## What is expected:
Your copy runs from the line containing "Drift Dance Top" through the last line of the listing, both included. Restate those lines word for word and leave out pictures.

## Collected material:
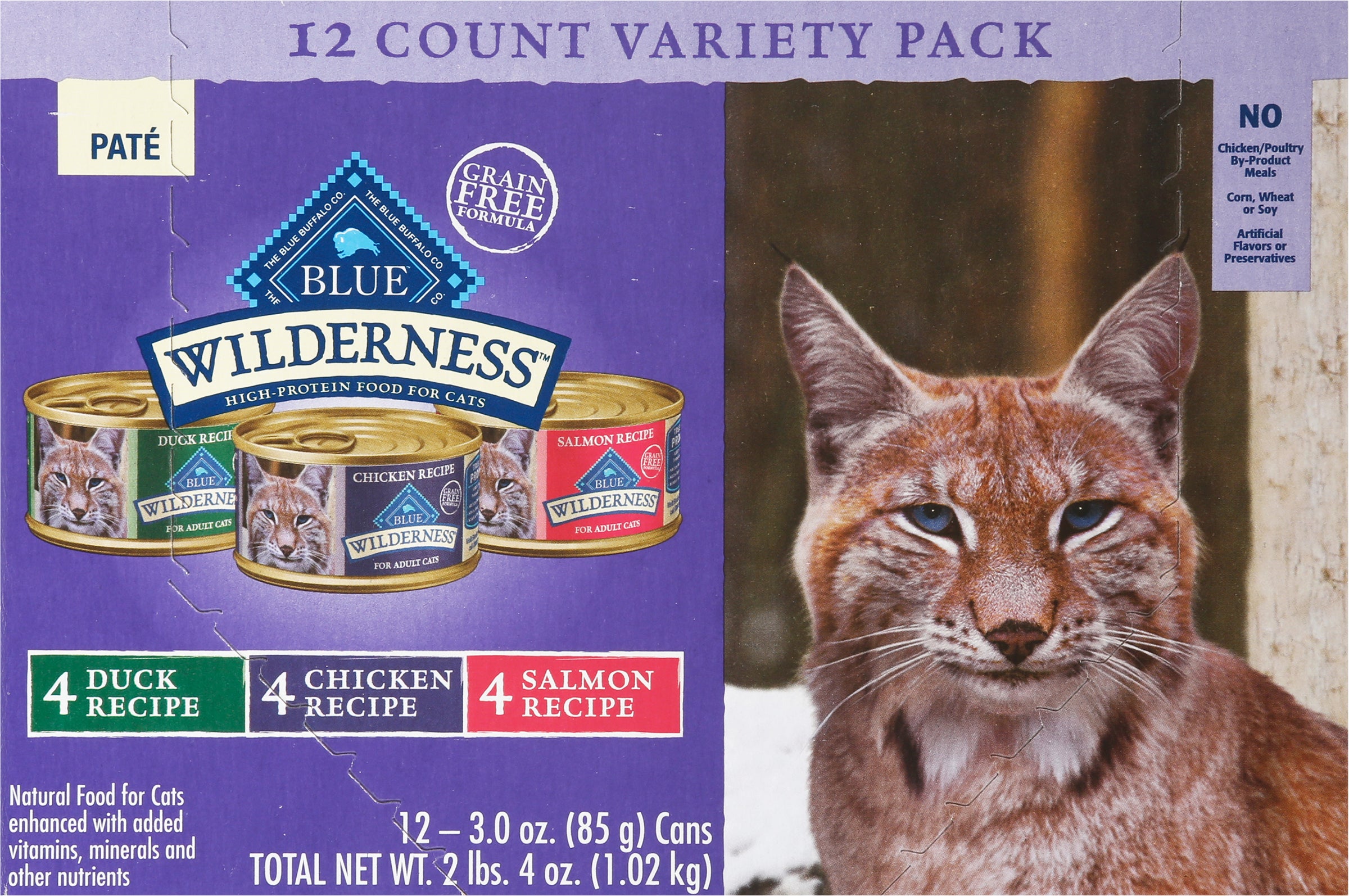 Blue Buffalo Blue Wilderness Variety Pack Grain Free Pate Duck/Chicken/Salmon Recipe Cat Food 12 - 3.0 oz Cans - Case of 1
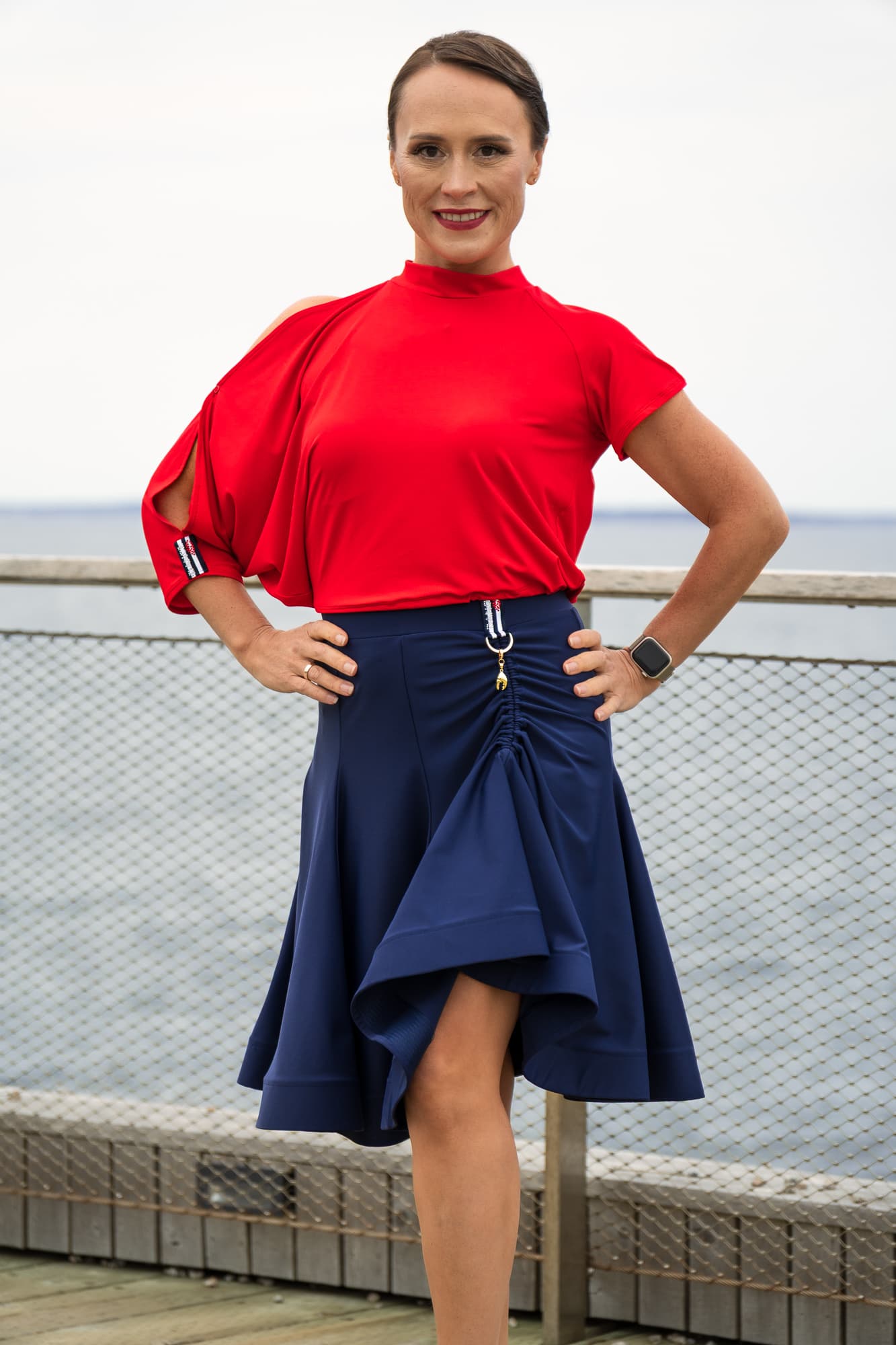 Drift Dance Top | Asymmetrical Cold Shoulder Top or Throw with Back Slit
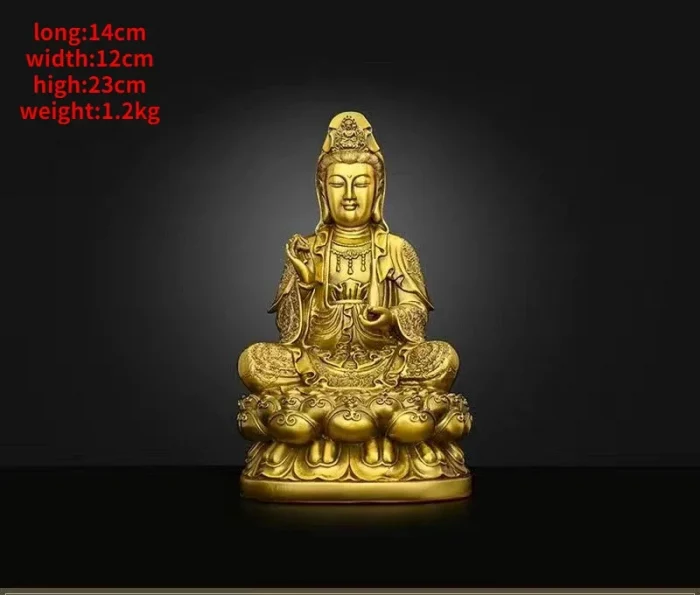 Lucky Copper South Sea Goddess of Mercy Buddha Statue Ornaments Home Sculptures - Image 7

## Answer for this exercise:
 Drift Dance Top | Asymmetrical Cold Shoulder Top or Throw with Back Slit
 Lucky Copper South Sea Goddess of Mercy Buddha Statue Ornaments Home Sculptures - Image 7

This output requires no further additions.